- [Data extracts]
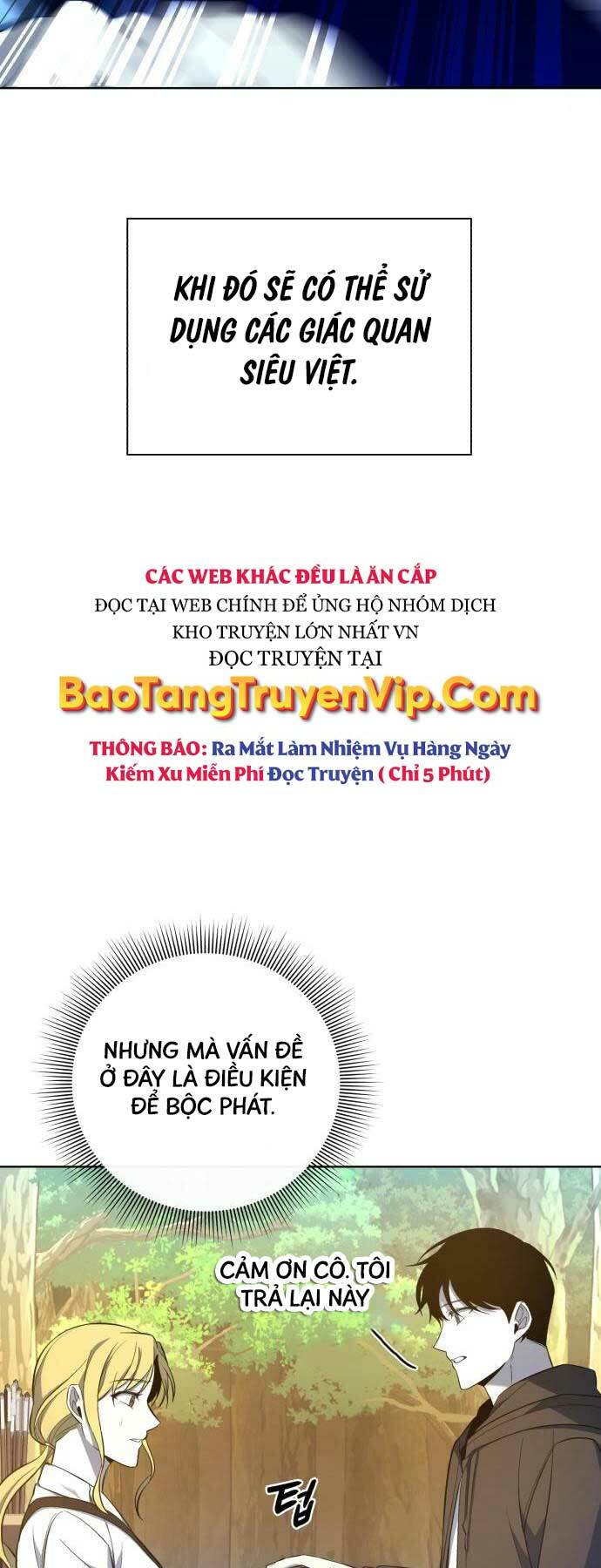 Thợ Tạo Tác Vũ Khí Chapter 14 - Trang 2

==

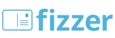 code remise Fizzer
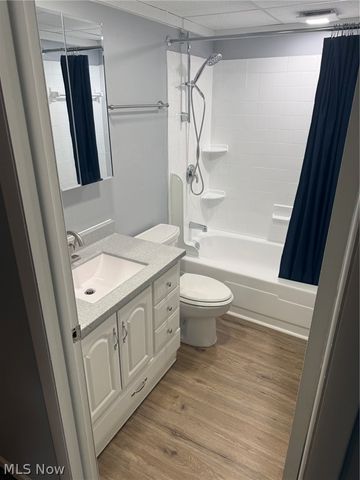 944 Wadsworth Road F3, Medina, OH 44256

--

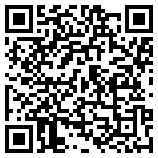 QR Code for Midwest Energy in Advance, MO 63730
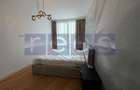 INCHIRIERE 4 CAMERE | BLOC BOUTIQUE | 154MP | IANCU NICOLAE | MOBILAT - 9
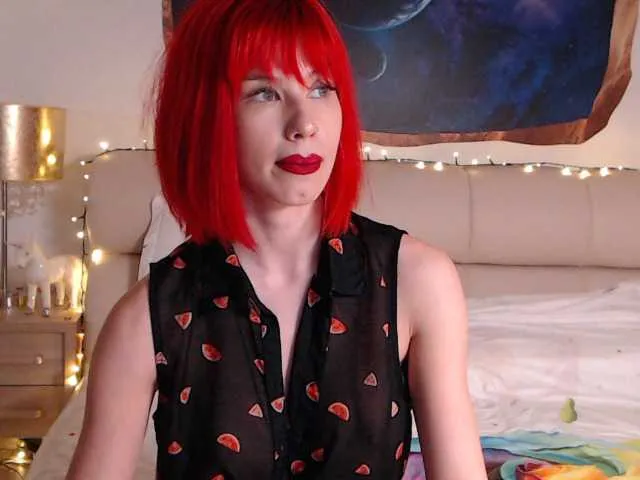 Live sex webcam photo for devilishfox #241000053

- [Problem to solve] Copy word for word the span of the records above that begins at the line with "code remise Fizzer" and ends at the line with "944 Wadsworth Road F3, Medina, OH 44256", including those two lines but not the pictures.

- [Exercise response]
 code remise Fizzer
 944 Wadsworth Road F3, Medina, OH 44256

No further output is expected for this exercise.